Op-Ed: “EU Pension Taxation: Removing Another Brick in the Wall?” by Hans van Meerten and Philip Bennett


On 11 November 2021, the Court of Justice (Third Chamber) decided the case of MH and ILA (Pension rights in case of bankruptcy) (C-168/20). There was no Opinion by the Advocate-General. Although usually a sign that the case was not that important, there are exceptions. This seems one of them.

This stems from a reference from the High Court of Justice of England and Wales (‘the High Court’) to the Court of Justice. The referred question related to the differential treatment, on bankruptcy of the scheme member in the UK, of his pension rights as a member of an Irish tax approved pension scheme compared to what the treatment of those rights would have been under a UK tax approved pension scheme. Despite Brexit, the timing of the facts was such that reference could still be made to the Court of Justice (judgment, paragraphs 57-59).

More specifically, the question was whether that differential treatment amounted to indirect discrimination against the Irish national who had moved to the UK and infringed that individual’s rights under Article 21 TFEU (freedom of movement), Article 49 TFEU (freedom of establishment, including pursuing activities as a self-employed person) and Article 24 of the Citizens’ Rights Directive (Directive 2004 38/EC).

The amounts of money involved were substantial. The member’s pension rights were valued in August 2020 by the trustees in bankruptcy at 8.5 million euros. That value was disputed by the member. The claims on the member’s bankruptcy estate were in excess of 1 billion euros (judgment, paragraphs 28-34).

In brief, where an individual, who is a member of a UK tax approved pension scheme, including certain overseas pension schemes which satisfy some additional requirements, (a ‘Gold Standard Scheme’) becomes bankrupt in England, Section 11 of the UK Welfare Reform and Pensions Act 1999 (‘the WRPA 1999’), says that the pension rights under such a scheme of such an individual are not part of the estate of the bankrupt that can be used to satisfy claims of the bankrupt’s creditors.

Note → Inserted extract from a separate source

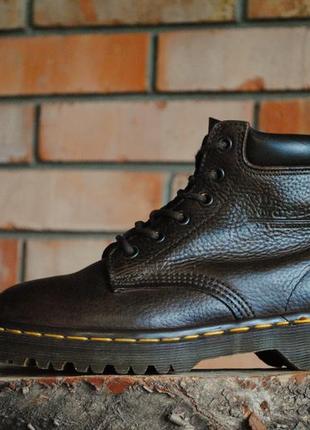 Ботинки dr martens made in england размер 36 стелька 23 см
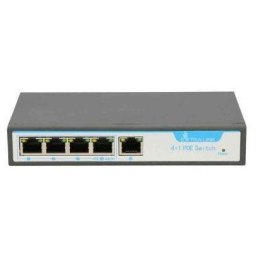 Switch ExtraLink KRIOS EX.14305, 4 Porturi, PoE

There are two limited exceptions. The first is under Section 15 of WRPA 1999, where the rights under such a Gold Standard Scheme have derived from ‘excessive pension contributions’. The second is under Sections 310 and 310A of the UK Insolvency Act 1986, where the trustee in bankruptcy can claim certain income payments for a limited period of up to three years out of those pension rights.

In contrast, where the member’s pension rights are under an non-tax approved scheme (a ‘Bronze Standard Scheme), the effect of Section 12 of the WRPA 1999 is that those rights form part of the bankrupt’s estate available to his creditors unless a court order (or a qualifying agreement) is obtained that all or that part of those rights are to be excluded from his bankruptcy estate to meet the future likely needs of the bankrupt and his family.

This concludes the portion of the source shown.